Sous les palmiers disparus de Sidi Belkheir — mémoire d’un hammam englouti à Hammam Boughrara (Tlemcen)


Sous les palmiers disparus de Sidi Belkheir — mémoire d’un hammam englouti à Hammam Boughrara (Tlemcen)
Avant que les eaux du barrage de Boughrara ne viennent recouvrir les vallons, il existait là un lieu singulier, à la fois modeste et sacré. Au pied de trois palmiers se trouvait une source d’eau chaude naturelle, surgissant d’une petite grotte recouverte d’une tôle de zinc. C’était le hammam de Sidi Belkheir, un bain de fortune où les habitants trouvaient depuis des générations remède, purification et apaisement.

Les femmes y entraient les premières, dans la pénombre et la vapeur, pendant que les hommes montaient la garde dehors, respectant un rituel transmis par le temps. Puis, lorsque les femmes quittaient la grotte, les hommes prenaient à leur tour le chemin de la source. Rien de monumental, rien d’inscrit dans les registres officiels — seulement un abri, trois palmiers, et une eau brûlante jaillissant de la terre, signe d’une vie ancienne mêlant nature et croyance.

Tout près s’élevait la goubba de Sidi Belkheir, marabout respecté dont le souvenir plane encore sur la région. Ce sanctuaire, lieu de vœux et de recueillement, fut détruit durant les années sombres de la décennie noire. La mémoire populaire raconte que celui qui fit exploser la tombe trouva la mort dans un accident, à peine quelques jours plus tard — un récit transmis avec la gravité et la ferveur propres aux légendes rurales.

Lorsque le barrage de Boughrara fut mis en eau à la fin des années 1990, le site originel — hammam, source, palmiers et mausolée — disparut sous les flots. Les habitants décidèrent alors de reconstruire la goubba plus haut, sur les coteaux qui dominent désormais le lac artificiel. Ainsi, Sidi Belkheir continua de veiller, non plus depuis la vallée, mais depuis les hauteurs, comme pour rappeler que les lieux de mémoire ne meurent pas : ils changent simplement de rive.

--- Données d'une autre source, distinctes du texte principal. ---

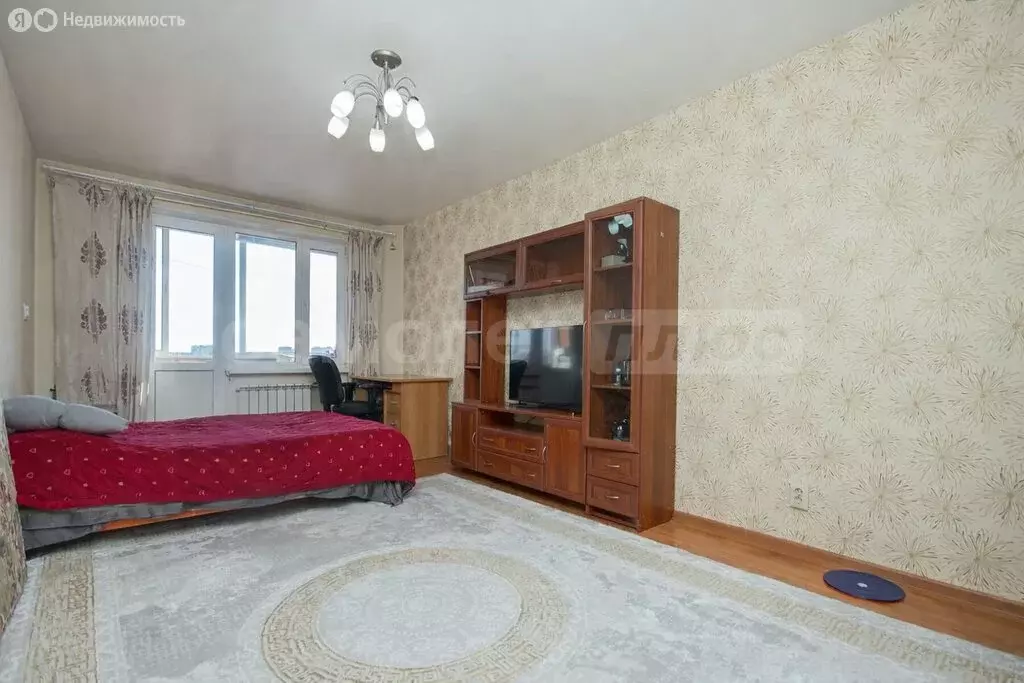 1-комнатная квартира: Дмитров, Внуковская улица, 35 (38.4 м) - Фото 2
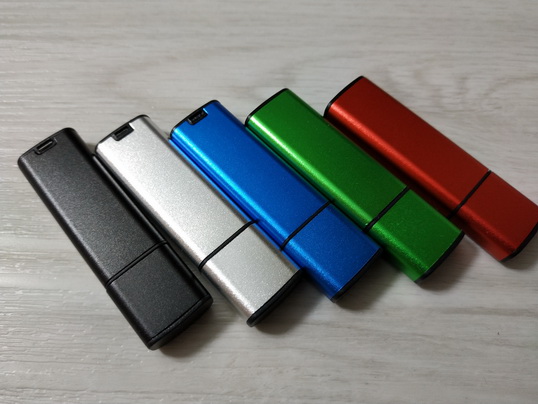 Pendrive originales para grabado de logotipos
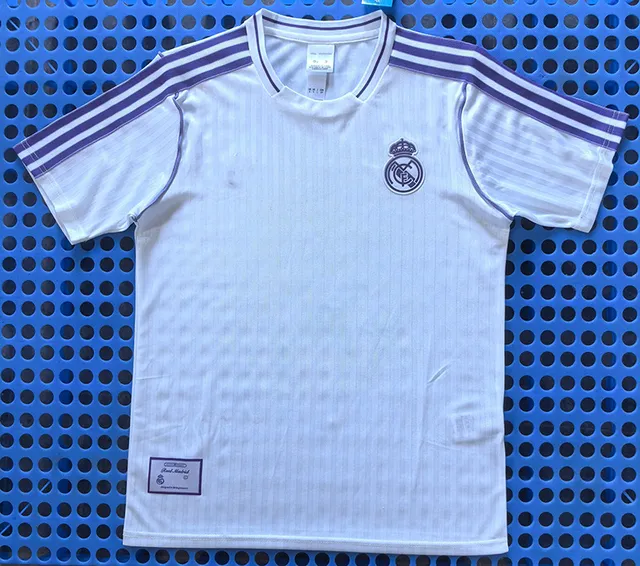 25-26 Real Madrid White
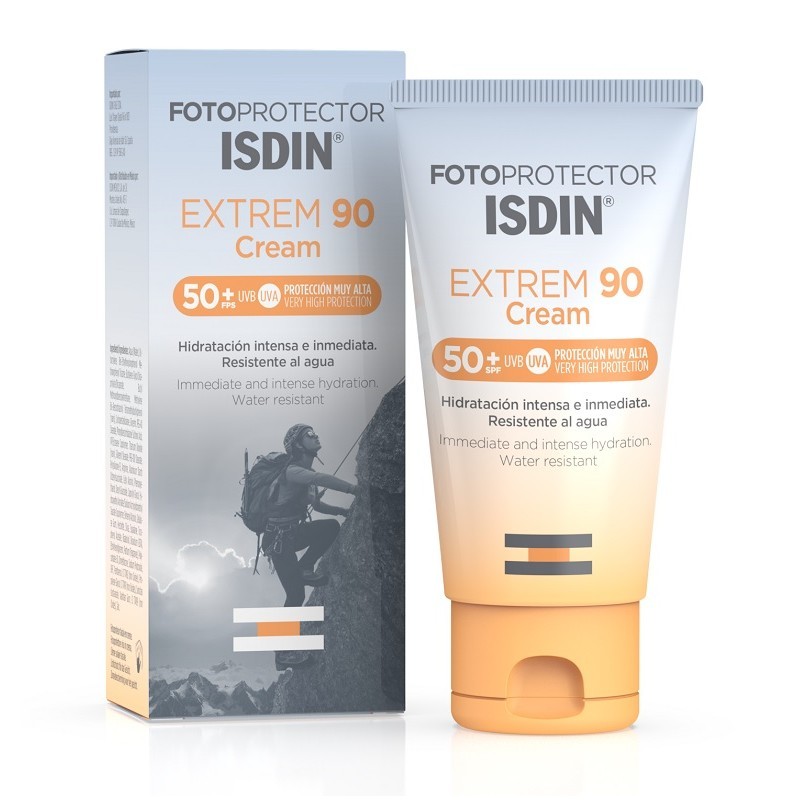 ISDIN FOTOPROTECTOR EXTREM 90 CREAM SPF 50+ 50ML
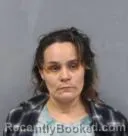 Mugshot of SABRINA LYNN CLARK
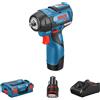 BOSCH Avvitatore Impulsi Bosch GDS 12V-115 3Ah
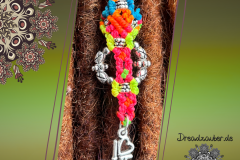 Makrameeperle 03   €20,- (bei Lissy)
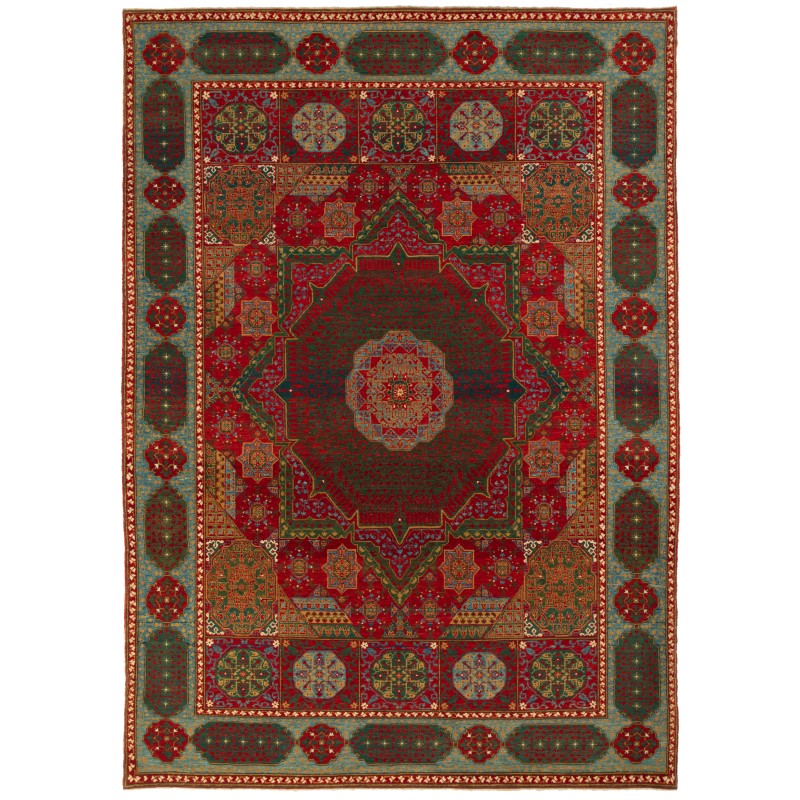シモネッティ・マムルーク絨毯 The Simonetti Mamluk Carpet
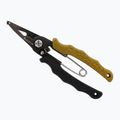 Szczypce wędkarskie Westin HD Split Ring Pliers 19 cm Black Sand black/sand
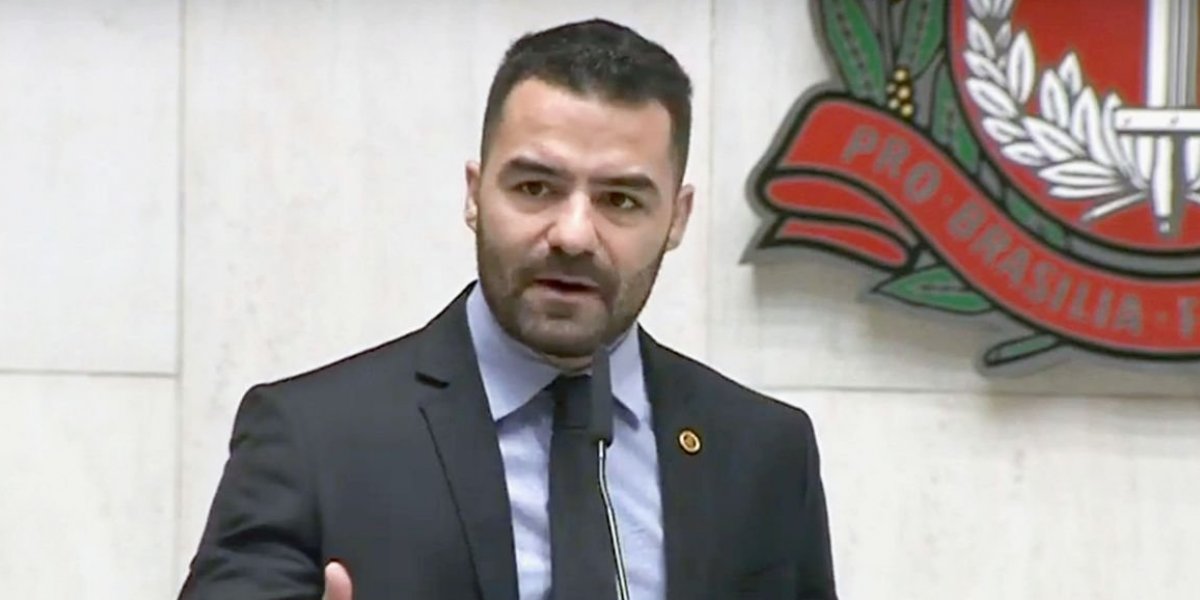 Alesp mantém processo de cassação de Arthur do Val, conhecido como Mamãe Falei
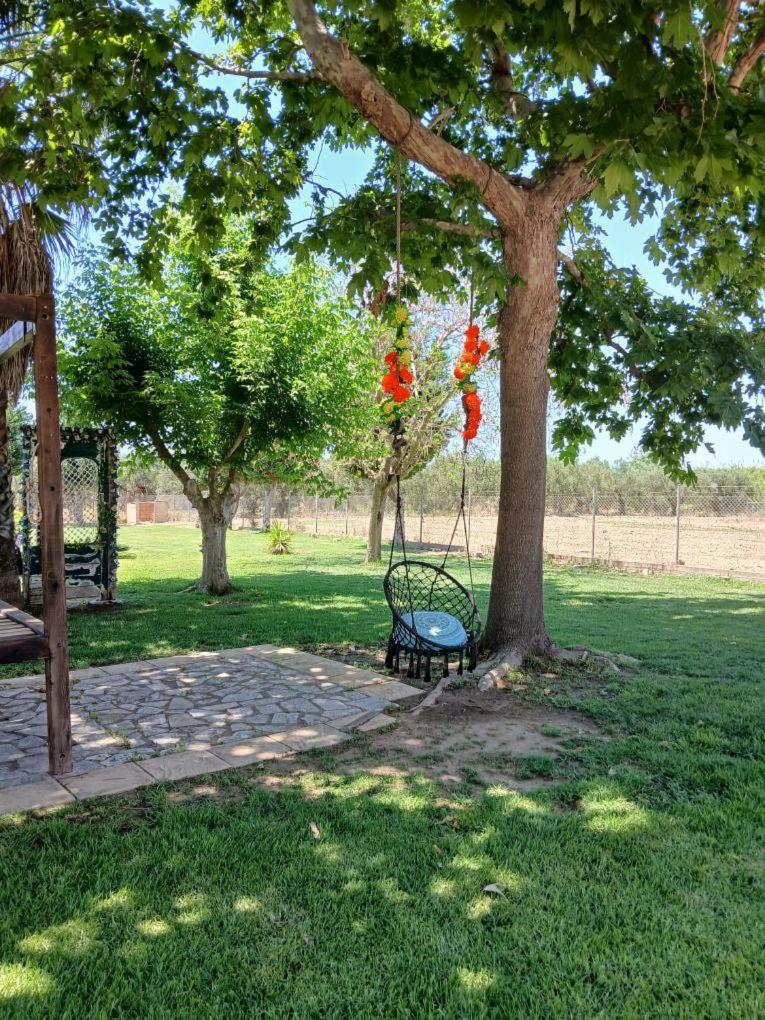 Mama'S Sunshine Garden Villa Agios Ilias  Bagian luar foto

Aujourd’hui, seuls quelques anciens se souviennent encore de ce petit hammam fumant sous les palmiers, où l’eau chantait dans la nuit et où l’on croyait que le bien et le mal cohabitaient à la lueur d’une lampe à pétrole. Un souvenir, à la fois intime et collectif, d’un monde rural englouti mais jamais effacé.